The worldwide battle to control greenhouse gas emissions to fight climate change is the best thing that’s happened for growth in the nuclear energy industry in decades, its proponents say.
They add that the development of smaller, scalable nuclear reactors to churn out reliable, emissions-free energy at a much lower than traditional cost makes nuclear an option that’s become impossible to ignore.
“Thirty years ago, the vision was that nuclear energy is going to be so cheap that we’ll be giving electricity away for free,” said Robby Sohi, president and CEO of Global First Power Ltd., a company trying to build Canada’s first small modular reactor or SMR.
That early potential was short lived, though, as project costs escalated and Canada ran out of regions with enough power demand to justify a big expensive nuclear reactor.

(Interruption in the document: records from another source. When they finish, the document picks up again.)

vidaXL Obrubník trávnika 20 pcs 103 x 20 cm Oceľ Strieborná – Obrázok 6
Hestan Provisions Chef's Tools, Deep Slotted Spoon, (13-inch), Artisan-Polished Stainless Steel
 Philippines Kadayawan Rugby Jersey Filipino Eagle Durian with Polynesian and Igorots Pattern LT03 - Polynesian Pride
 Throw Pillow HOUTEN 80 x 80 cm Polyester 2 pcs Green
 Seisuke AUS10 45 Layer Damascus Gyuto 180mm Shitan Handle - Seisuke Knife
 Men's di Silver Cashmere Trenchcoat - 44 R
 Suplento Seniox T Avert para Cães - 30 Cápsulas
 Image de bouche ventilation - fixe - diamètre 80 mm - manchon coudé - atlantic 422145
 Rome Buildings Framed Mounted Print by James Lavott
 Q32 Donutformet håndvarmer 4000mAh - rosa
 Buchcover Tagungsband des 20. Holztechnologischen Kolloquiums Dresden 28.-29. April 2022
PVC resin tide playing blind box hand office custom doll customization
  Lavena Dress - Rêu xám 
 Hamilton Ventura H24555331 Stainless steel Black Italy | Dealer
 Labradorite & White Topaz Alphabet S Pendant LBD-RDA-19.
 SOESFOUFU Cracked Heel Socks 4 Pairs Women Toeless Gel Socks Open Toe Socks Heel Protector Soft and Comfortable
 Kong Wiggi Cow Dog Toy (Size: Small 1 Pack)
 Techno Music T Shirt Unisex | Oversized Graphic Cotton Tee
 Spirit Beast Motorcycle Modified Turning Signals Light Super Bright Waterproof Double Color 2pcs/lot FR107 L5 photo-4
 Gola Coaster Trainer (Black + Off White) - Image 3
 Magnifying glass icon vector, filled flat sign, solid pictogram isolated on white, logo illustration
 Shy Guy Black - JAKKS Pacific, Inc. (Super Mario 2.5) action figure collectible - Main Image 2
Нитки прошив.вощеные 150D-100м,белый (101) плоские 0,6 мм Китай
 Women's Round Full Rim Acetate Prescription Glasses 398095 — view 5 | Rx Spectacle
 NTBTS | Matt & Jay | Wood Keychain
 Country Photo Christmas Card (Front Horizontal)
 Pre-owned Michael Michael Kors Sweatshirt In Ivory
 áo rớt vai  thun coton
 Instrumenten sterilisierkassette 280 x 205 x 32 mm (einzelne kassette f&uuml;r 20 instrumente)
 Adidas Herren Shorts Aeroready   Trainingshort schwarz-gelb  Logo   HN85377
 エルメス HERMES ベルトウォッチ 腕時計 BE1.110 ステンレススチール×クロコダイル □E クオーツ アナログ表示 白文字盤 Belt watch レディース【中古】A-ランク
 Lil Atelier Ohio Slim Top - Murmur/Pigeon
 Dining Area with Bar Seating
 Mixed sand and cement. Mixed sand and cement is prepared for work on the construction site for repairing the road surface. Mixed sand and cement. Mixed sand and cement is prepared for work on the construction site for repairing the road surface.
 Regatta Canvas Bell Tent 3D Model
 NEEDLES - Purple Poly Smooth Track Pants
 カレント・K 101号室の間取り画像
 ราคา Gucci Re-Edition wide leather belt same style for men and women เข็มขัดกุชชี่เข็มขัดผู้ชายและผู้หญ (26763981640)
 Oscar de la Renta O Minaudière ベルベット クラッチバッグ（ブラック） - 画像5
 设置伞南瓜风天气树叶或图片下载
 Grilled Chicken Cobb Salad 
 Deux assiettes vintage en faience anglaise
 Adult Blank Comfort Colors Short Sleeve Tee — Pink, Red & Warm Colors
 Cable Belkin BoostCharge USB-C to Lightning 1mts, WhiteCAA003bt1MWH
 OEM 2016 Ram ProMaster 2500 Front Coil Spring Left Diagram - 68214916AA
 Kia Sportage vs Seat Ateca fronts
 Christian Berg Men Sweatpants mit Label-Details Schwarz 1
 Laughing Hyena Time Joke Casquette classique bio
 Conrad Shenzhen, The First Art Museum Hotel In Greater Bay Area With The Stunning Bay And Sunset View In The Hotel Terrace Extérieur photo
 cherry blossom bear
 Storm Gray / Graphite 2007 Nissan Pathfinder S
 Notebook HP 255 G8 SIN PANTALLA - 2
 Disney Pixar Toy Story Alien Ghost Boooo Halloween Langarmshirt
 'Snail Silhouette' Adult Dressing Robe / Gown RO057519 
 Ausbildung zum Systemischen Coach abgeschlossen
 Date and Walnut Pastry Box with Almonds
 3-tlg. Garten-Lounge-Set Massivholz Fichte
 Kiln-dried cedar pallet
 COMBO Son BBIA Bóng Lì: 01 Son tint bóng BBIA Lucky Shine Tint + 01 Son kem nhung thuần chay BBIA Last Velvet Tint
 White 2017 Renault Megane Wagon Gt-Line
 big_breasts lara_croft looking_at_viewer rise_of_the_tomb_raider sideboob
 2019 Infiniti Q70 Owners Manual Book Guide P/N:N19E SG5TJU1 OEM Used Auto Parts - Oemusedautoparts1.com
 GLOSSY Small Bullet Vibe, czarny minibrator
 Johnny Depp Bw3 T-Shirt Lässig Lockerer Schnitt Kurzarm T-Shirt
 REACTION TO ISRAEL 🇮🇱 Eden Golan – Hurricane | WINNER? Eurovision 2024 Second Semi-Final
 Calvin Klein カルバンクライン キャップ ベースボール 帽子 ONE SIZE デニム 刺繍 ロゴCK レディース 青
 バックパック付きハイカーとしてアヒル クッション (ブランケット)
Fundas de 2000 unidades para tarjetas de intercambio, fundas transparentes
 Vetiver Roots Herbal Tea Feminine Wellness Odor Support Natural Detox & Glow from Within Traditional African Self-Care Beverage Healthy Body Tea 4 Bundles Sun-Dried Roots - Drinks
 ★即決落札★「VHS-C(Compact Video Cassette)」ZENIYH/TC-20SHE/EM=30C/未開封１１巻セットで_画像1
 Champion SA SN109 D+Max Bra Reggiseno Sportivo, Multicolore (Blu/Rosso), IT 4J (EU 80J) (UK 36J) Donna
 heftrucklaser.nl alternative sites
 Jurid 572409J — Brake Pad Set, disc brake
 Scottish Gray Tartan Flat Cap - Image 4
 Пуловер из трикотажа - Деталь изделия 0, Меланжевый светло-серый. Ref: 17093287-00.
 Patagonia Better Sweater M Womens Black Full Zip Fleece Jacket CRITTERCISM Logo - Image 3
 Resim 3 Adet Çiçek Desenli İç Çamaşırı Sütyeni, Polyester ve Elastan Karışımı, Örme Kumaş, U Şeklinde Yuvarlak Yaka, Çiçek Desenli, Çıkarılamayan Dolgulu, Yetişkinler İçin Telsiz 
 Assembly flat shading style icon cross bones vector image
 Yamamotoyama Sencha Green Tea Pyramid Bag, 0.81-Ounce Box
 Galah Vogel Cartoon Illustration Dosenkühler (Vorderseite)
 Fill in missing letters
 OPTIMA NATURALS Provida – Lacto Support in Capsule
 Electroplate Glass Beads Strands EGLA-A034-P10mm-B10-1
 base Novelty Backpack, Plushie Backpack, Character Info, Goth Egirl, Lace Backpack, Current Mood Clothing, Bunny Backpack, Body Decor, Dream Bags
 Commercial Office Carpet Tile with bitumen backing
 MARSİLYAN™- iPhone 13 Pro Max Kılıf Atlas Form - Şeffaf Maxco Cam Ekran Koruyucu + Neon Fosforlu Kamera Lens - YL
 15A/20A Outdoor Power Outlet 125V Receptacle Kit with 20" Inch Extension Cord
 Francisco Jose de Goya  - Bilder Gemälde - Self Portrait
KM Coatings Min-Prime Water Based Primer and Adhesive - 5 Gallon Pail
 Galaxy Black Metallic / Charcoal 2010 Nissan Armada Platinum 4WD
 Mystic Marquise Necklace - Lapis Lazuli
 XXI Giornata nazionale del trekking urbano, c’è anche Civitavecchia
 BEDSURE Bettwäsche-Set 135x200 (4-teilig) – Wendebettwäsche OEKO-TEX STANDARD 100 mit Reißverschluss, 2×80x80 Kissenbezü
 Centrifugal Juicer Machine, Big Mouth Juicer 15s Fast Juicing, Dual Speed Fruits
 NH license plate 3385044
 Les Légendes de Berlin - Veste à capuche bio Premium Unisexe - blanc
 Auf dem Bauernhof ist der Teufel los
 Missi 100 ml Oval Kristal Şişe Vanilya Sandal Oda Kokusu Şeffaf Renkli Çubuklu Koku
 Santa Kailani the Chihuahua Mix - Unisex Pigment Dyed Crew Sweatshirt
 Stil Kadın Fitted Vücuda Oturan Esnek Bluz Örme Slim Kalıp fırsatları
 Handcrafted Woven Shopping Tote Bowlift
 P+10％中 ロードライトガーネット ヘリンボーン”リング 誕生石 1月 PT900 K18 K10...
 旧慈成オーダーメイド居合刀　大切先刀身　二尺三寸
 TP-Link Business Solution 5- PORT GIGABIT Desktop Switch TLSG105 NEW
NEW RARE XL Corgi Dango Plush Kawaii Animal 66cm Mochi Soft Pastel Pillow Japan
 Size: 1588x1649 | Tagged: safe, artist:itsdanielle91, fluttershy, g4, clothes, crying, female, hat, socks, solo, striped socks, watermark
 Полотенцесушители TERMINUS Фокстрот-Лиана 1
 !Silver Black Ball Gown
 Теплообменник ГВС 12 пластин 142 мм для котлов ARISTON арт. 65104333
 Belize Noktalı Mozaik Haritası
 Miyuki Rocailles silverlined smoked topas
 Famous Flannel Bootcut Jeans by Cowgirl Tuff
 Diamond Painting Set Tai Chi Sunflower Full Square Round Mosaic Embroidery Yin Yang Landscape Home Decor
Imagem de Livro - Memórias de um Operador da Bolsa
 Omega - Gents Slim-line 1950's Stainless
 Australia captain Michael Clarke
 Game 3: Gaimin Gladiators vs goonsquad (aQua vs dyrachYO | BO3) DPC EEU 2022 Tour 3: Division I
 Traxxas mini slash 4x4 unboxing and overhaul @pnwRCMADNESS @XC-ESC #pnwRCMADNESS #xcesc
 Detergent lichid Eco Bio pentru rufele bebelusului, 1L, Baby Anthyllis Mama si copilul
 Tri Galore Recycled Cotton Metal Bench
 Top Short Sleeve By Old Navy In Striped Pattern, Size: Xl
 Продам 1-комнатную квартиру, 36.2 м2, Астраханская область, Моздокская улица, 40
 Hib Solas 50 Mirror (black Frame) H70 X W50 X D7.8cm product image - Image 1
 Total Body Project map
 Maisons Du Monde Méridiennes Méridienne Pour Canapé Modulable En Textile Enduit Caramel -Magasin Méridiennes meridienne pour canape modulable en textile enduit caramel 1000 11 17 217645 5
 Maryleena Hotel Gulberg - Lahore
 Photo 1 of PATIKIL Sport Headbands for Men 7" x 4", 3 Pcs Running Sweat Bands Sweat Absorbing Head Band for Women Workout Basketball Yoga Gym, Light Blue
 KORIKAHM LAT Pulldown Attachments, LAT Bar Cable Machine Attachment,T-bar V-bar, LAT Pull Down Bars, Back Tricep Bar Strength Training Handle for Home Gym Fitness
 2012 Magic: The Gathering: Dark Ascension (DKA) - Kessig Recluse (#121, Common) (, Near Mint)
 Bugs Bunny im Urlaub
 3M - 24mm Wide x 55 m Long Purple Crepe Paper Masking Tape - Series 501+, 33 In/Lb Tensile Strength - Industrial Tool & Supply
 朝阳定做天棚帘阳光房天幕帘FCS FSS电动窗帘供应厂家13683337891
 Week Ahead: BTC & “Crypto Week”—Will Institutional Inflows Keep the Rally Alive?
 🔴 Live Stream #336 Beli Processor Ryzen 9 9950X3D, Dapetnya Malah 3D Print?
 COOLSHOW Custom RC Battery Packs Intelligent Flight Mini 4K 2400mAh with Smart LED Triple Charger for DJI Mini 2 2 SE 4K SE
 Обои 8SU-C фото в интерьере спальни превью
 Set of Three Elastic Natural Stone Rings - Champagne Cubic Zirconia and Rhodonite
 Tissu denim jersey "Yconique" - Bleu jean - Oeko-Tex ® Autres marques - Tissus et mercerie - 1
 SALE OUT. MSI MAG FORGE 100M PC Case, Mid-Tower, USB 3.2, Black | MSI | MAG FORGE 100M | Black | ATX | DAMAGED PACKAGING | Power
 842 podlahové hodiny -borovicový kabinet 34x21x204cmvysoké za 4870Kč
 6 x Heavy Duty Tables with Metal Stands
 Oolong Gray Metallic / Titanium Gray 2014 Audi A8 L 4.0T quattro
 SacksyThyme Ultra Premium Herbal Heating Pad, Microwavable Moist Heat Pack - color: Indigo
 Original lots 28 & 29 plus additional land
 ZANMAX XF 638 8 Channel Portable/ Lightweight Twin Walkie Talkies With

“The biggest change is it is going to be just about impossible — I don’t see how — you can ever meet a 2050 (net-zero) target without nuclear in the mix,” said Sohi.
A recent study from the Canadian Nuclear Association found that the use of SMRs would allow heavy industries in Canada to reduce their GHG emissions by 216 megatonnes over 15 years from 2035 to 2050.
Using a model based on deploying 60 to 190 SMRs generating between 100 and 300 megawatts each for a total output of about 19,000 MW by 2050, it found GHG emissions would decline by 14 megatonnes per year on average, equal to taking over three million cars off the road per year.
Association CEO John Gorman pointed out Canada has had safe nuclear power for more than 50 years and nuclear currently supplies about 15 per cent of the nation’s electricity.
“The domestic market for these small modular reactors is about $5.3 billion between now and 2040 and the world market is going to be between $150 billion and $300 billion a year in that same time frame,” he said, touting rich export possibilities.